On the first pass, the x1 state is (0, [undefined]).

  1. max is not zero
  2. We create the continuation closure d1 at this point, it'll be used in the second pass so we'll come back to this one later.
  3. Make a copy cap1 of the capture list
  4. Reset the capture in cap1 to undefined, this is a no-op in the fist pass
  5. Let e1 = 0
  6. Let xr1 = (e1, cap1)
  7. min is zero, skip this step
  8. greedy is true, skip this step
  9. Let z1 = m(xr, d1) - this evaluates the subpattern (.*)

Now let's step back a bit - m will match (.*) against abc, and then call our d1 closure, so let's unroll that one.

d1 is evaluated with the state y1 =(3, ["abc"]):

  • min is 0, but y1's endIndex is 3 and x1's endIndex is 0, so don't return failure
  • Let min2 = min = 0 since min = 0
  • Let max2 = max = ∞ since max = ∞
  • Call RepeatMatcher(m, min2, max2, greedy, y, c, parenIndex, parenCount) and return its result. That is: RepeatMatcher(m, 0, ∞, false, y1, c, 0, 1)

Second iteration

So, right now we're going for a second iteration with x2 = y1 = (3, ["abc"]).

  1. max is not zero
  2. We create the continuation closure d2 at this point
  3. Make a copy cap2 of the capture list ["abc"]
  4. Reset the capture in cap2 to undefined, we get cap2 = [undefined]
  5. Let e2 = 3
  6. Let xr2 = (e2, cap2)
  7. min is zero, skip this step
  8. greedy is true, skip this step
  9. Let z2 = m(xr2, d2) - this evaluates the subpattern (.*)

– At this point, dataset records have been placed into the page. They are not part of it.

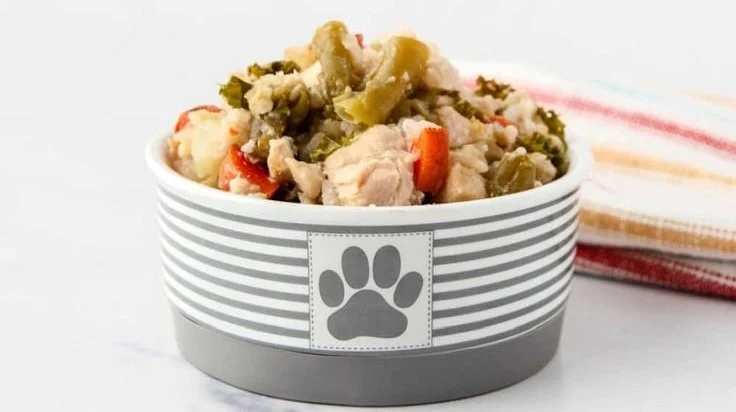 Delicious slow cooker chicken and rice dish made for dogs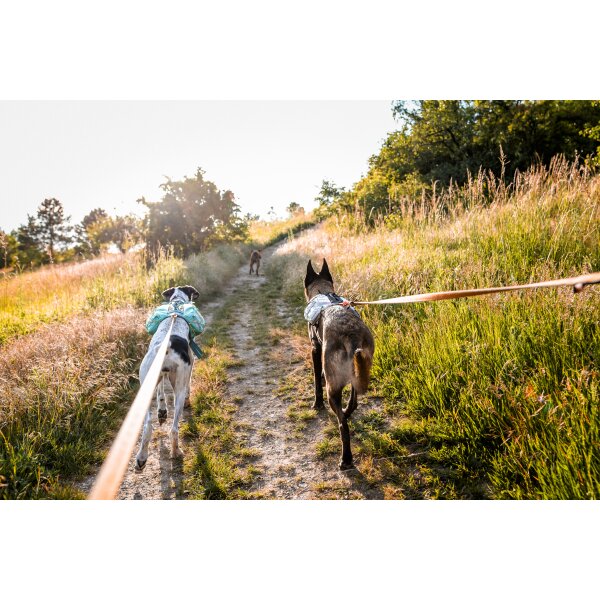 Trail Light dog backpack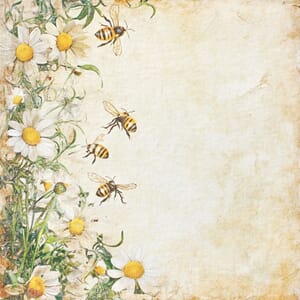 Reprint: Bee's - Summer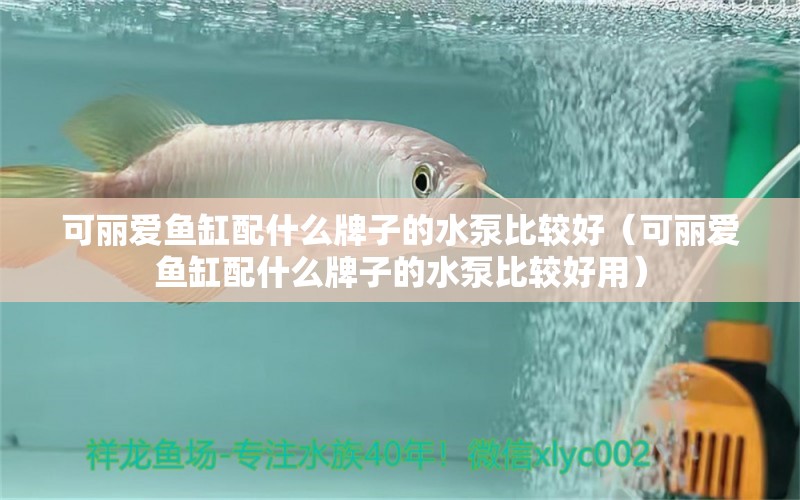 可麗愛(ài)魚(yú)缸配什么牌子的水泵比較好（可麗愛(ài)魚(yú)缸配什么牌子的水泵比較好用）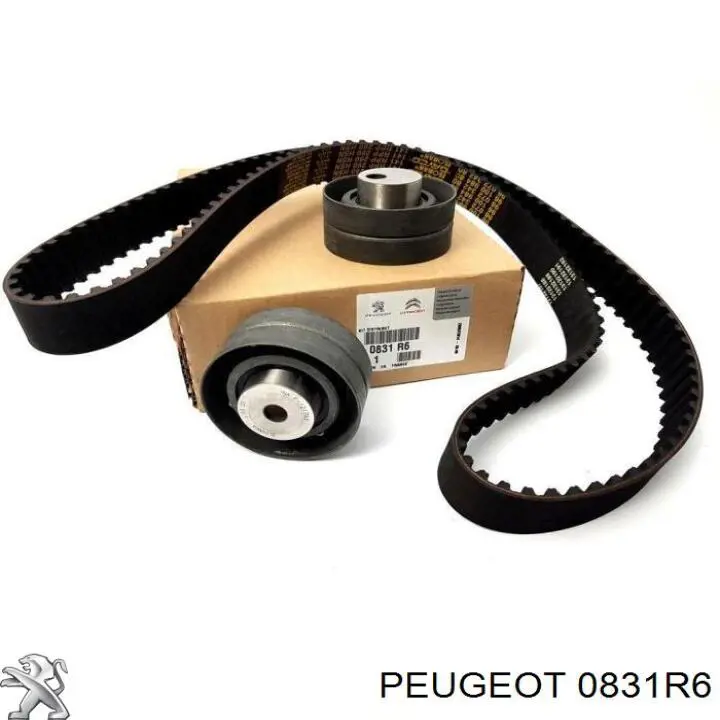 0831R6 Peugeot/Citroen комплект грм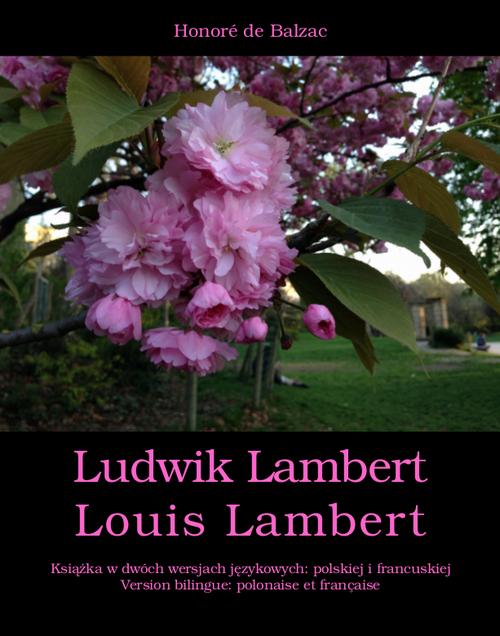 Tytuł: Ludwik Lambert. Louis Lambert
Autor: Honoré de Balzac
Wydawnictwo: Armoryka
Formaty: MOBI, EPUB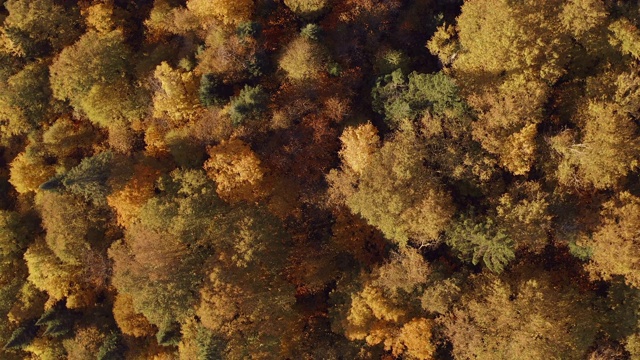 鸟瞰图的北方森林自然在秋季，魁北克，加拿大视频素材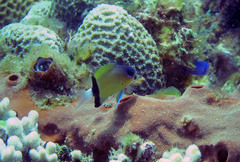 Pycnochromis retrofasciatus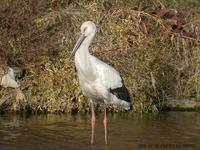 White Stork Ciconia boyciana 황새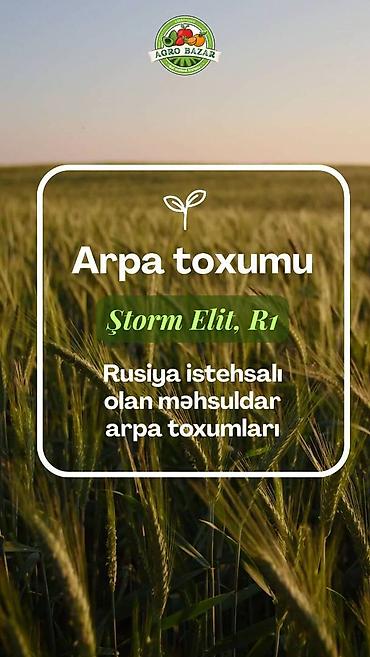dovsan səkli: Arpa toxumu - Ştorm Elit və R1 Rusiya istehsalı Ştorm Elit və R1 arpa — 1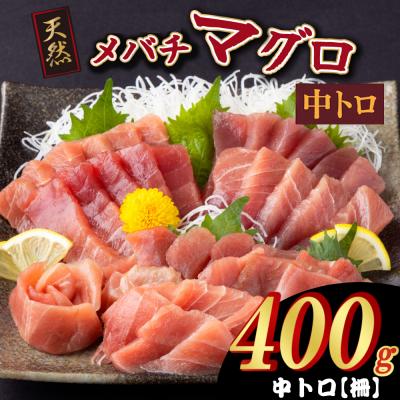 ふるさと納税 室戸市 天然メバチマグロ 【 中トロ 】400g(柵)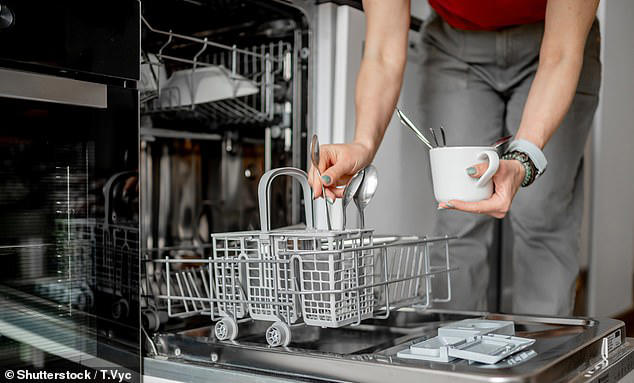 Can Crystal Be Put in Dishwasher: Essential Care Tips Revealed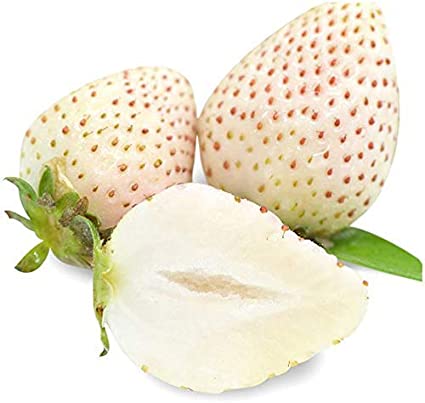 STRAWBERRIES WHITE 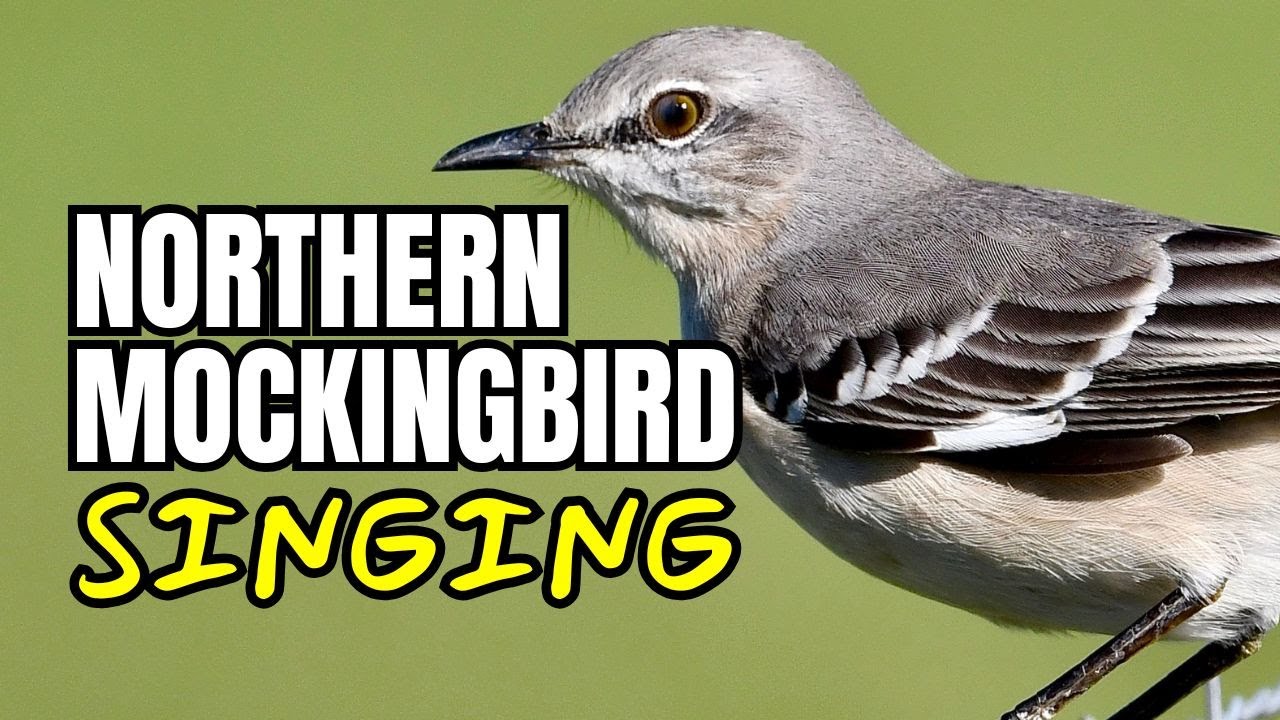 Mockingbird Singing His Heart Out in My Backyard 🎶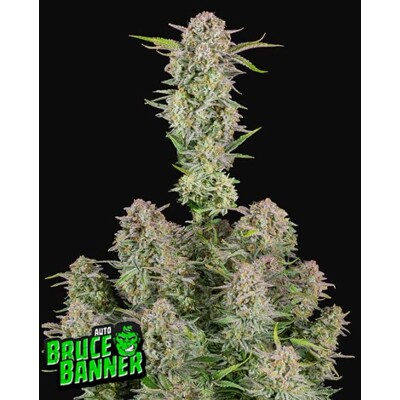 Fast Buds Bruce Banner Auto 3 db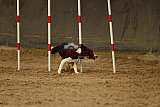 E.O.selectie wedstrijd zaterdag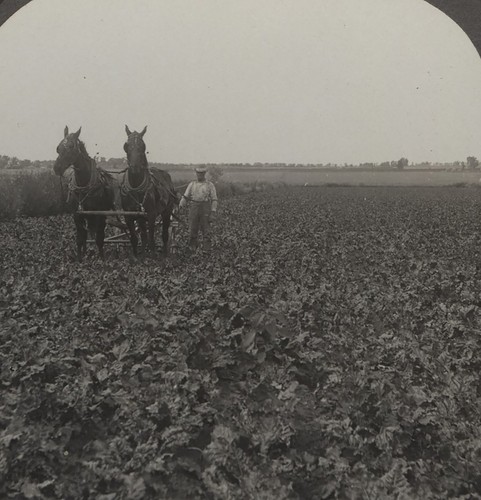 Horse drawn cultivator sugar - cultivator,
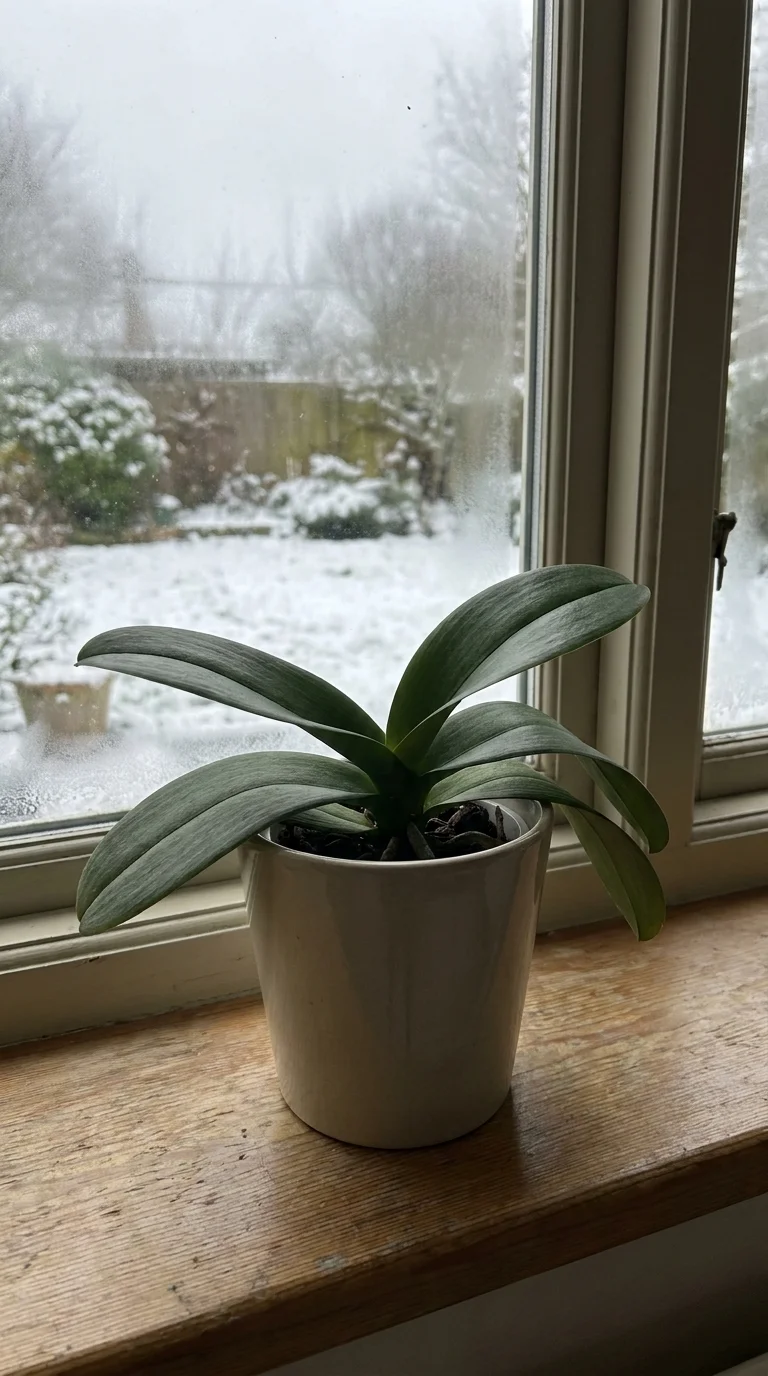 Learn Your Orchid's Rest Cycle and Respect It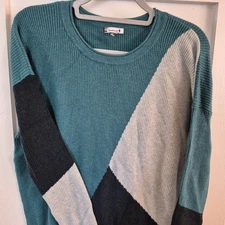 Smartwool Xl  Color Blocked Intarsia Rib Sweater in Everglade Heather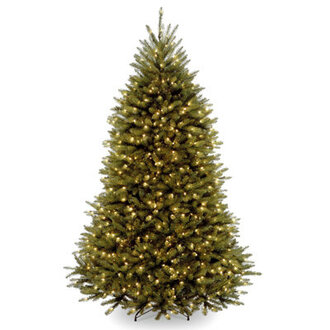 Dunhill Fir Tree with Clear Lights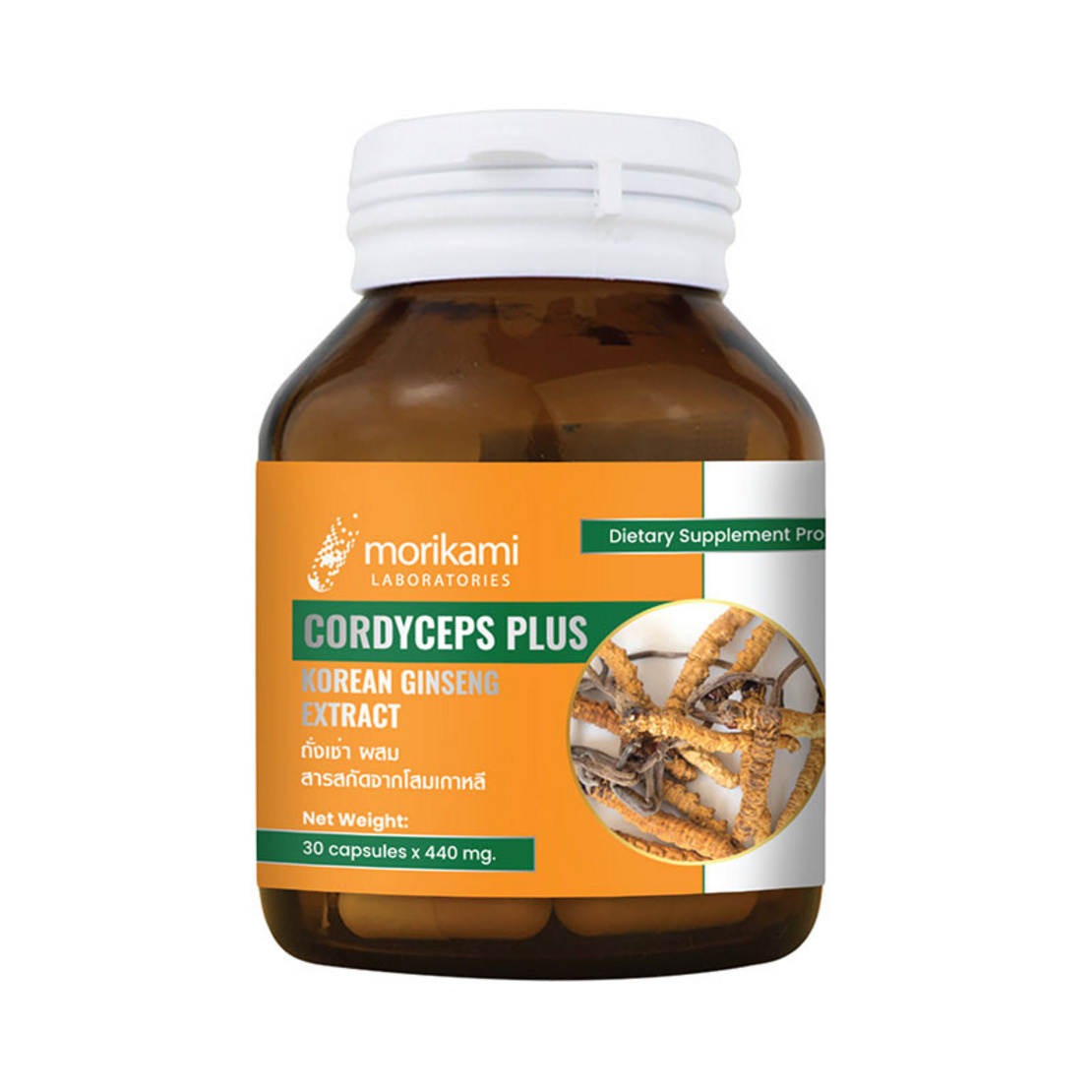 Cordyceps - Image 1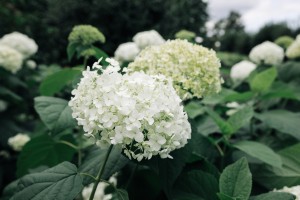 Свобода творчества в Саду трав. Музейная мастерская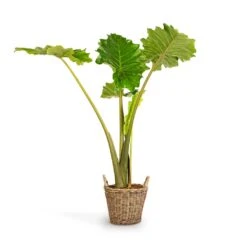 Alocasia Portodora - Upright Elephant Ear -Plant potted plants Alocasia Portodora Upright Elephant Ear 24x90cm Nanna Wikr Plant Basket Natural 30x32cm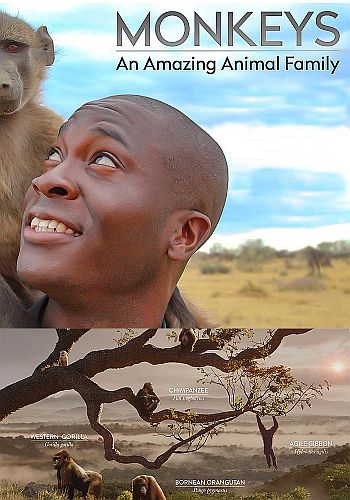 Обезьяны - Удивительное семейство животных (3 серии из 3) / Monkeys An Amazing Animal Family VO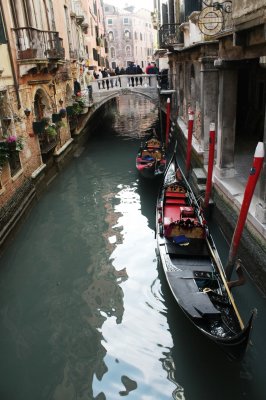 IMG_1594.JPG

    This time m will match the empty string after abc, and call our d2 closure with that one. Let's evaluate what d2 does. It's parameter is y2 = (3, [""])

    min is still 0, but y2's endIndex is 3 and x2's endIndex is also 3 (remember that this time x is the y state from the previous iteration), the closure simply returns failure.

  10. z2 is failure, skip this step
  11. return c(x2), which is c((3, ["abc"])) in this iteration.

c simply returns a valid MatchResult here as we're at the end of the pattern. Which means that d1 returns this result, and the first iteration returns passes it along from step 10.

Phew. Basically, as you can see, the spec line which causes the JS behavior to be different than PCRE's is basically the following one:

a. If min is zero and y's endIndex is equal to x's endIndex, return failure.